FREMONT — Officials say the city of Fremont cannot afford to maintain its streets adequately while it grapples with budget woes. 

If that is true, a growing number of citizens want to know why street maintenance work has been performed recently on a number of the city's intersections.

Mike Haley points to the repairs performed Thursday on tiny Tropic Way, a little-used dead-end street — with no house fronts or driveways on it — in the 28 Palms neighborhood.

"With all the potholes that (officials) say they can't pave, and they go and (repair) a whole strip of nothing?" said Haley, a Fremont resident since 1969. "It's a street to nowhere."

Haley said the street's repairs symbolize why he opposes Measure L.

"I'll vote against it, (because of) the way they're spending money," said Haley, a NUMMI employee who also owns his own vacuum business. "It boggles the mind."

But Fremont City Engineer Norm Hughes said that Tropic Way is one of many Fremont streets receiving a cost-conscious type of repair called cape and slurry seal work. It is all part of a $1,139,000 project the City Council approved in April that is intended to extend the life of the pavement at a much cheaper cost than doing extensive asphalt overlay work.

Hughes said that, this year, about 110 streets are receiving a cape seal — the application of a chip seal followed by a slurry seal within a few days.
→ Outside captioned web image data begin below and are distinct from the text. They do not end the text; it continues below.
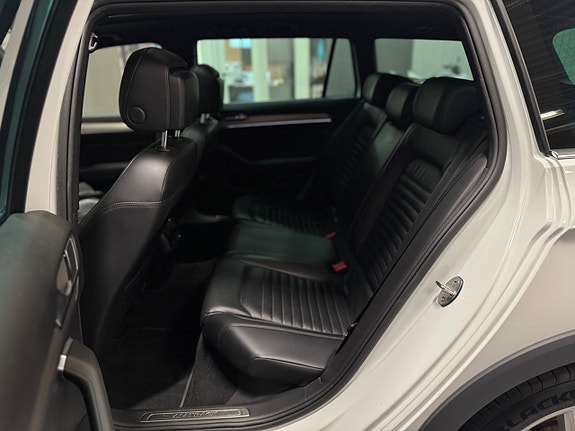 Volkswagen Passat Alltrack 5 of 13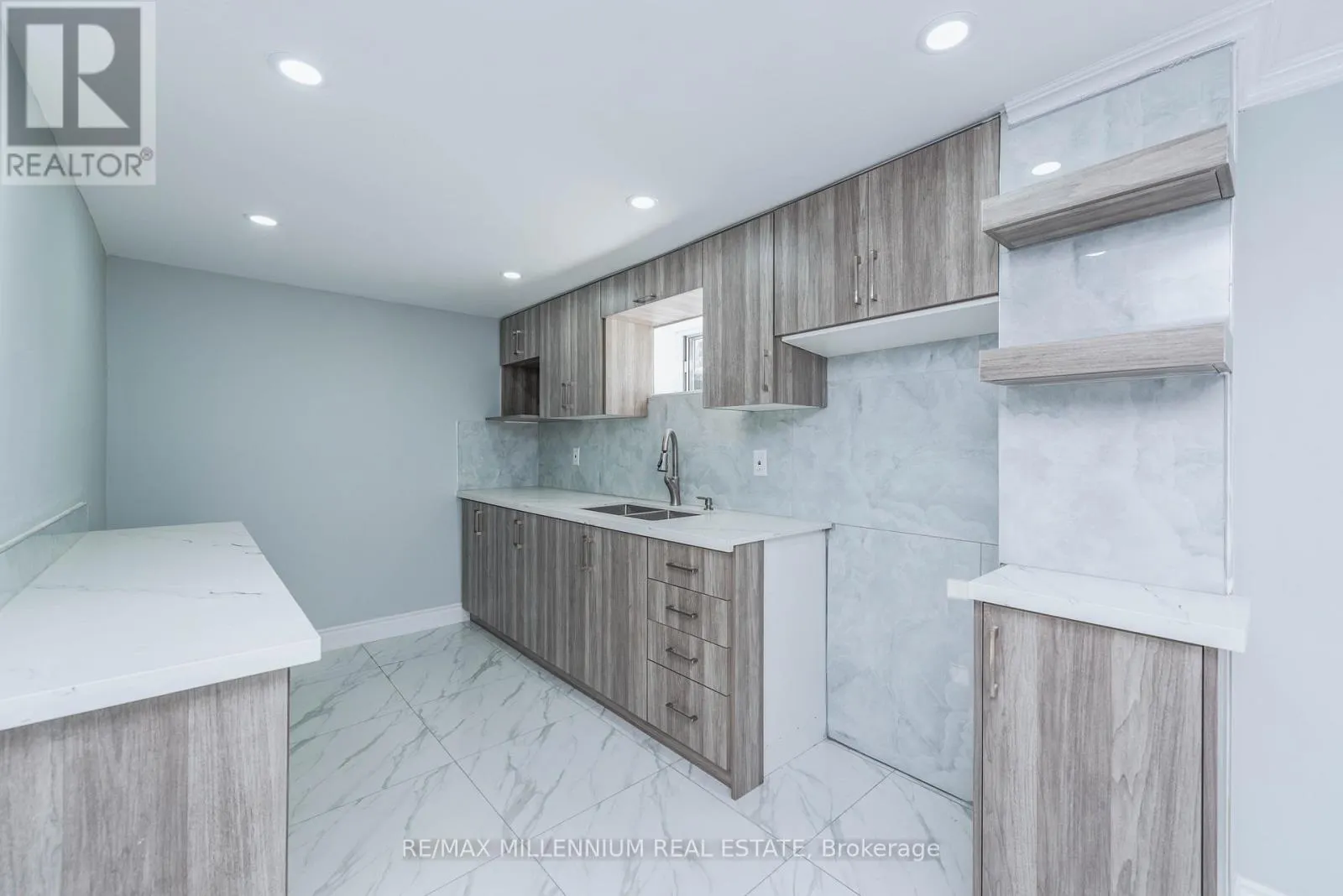 76 RAYLAWN CRESCENT
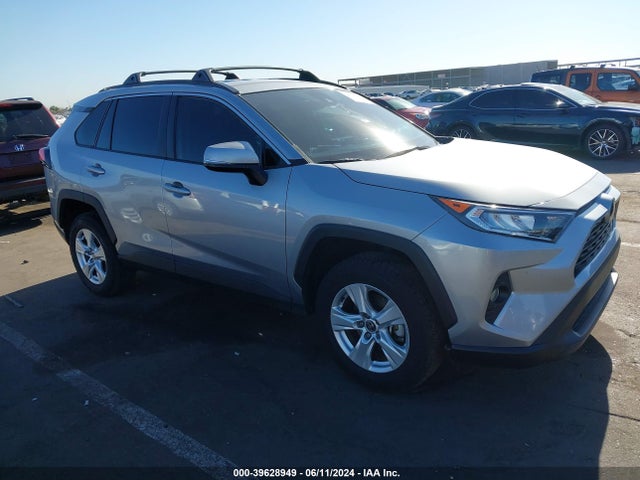 Toyota Rav4 Xle 2021 2T3W1RFV2MC128015 Image 1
Meanwhile, 23 roads will be given a slurry seal — a low-cost paving surface that is a mixture of asphalt, oil, water, rock and other additives.

Fremont maintenance crews also are performing both cape and slurry seal treatments to a small number of other streets, Hughes said.

"If we don't, we'll have entire streets failing and we'll need total reconstruction," he added.

Based on current data, Hughes said, doing asphalt overlay work is much more expensive — about $55 per square yard. By comparison, slurry seal is $1.75 per square yard, and cape seal is $2.85.

But is the seal work really necessary for something such as little-used Tropic Way?

"Even streets with low traffic need this treatment to keep them from failing," Hughes replied. "(By doing this), we won't need to overlay all of our residential streets at once."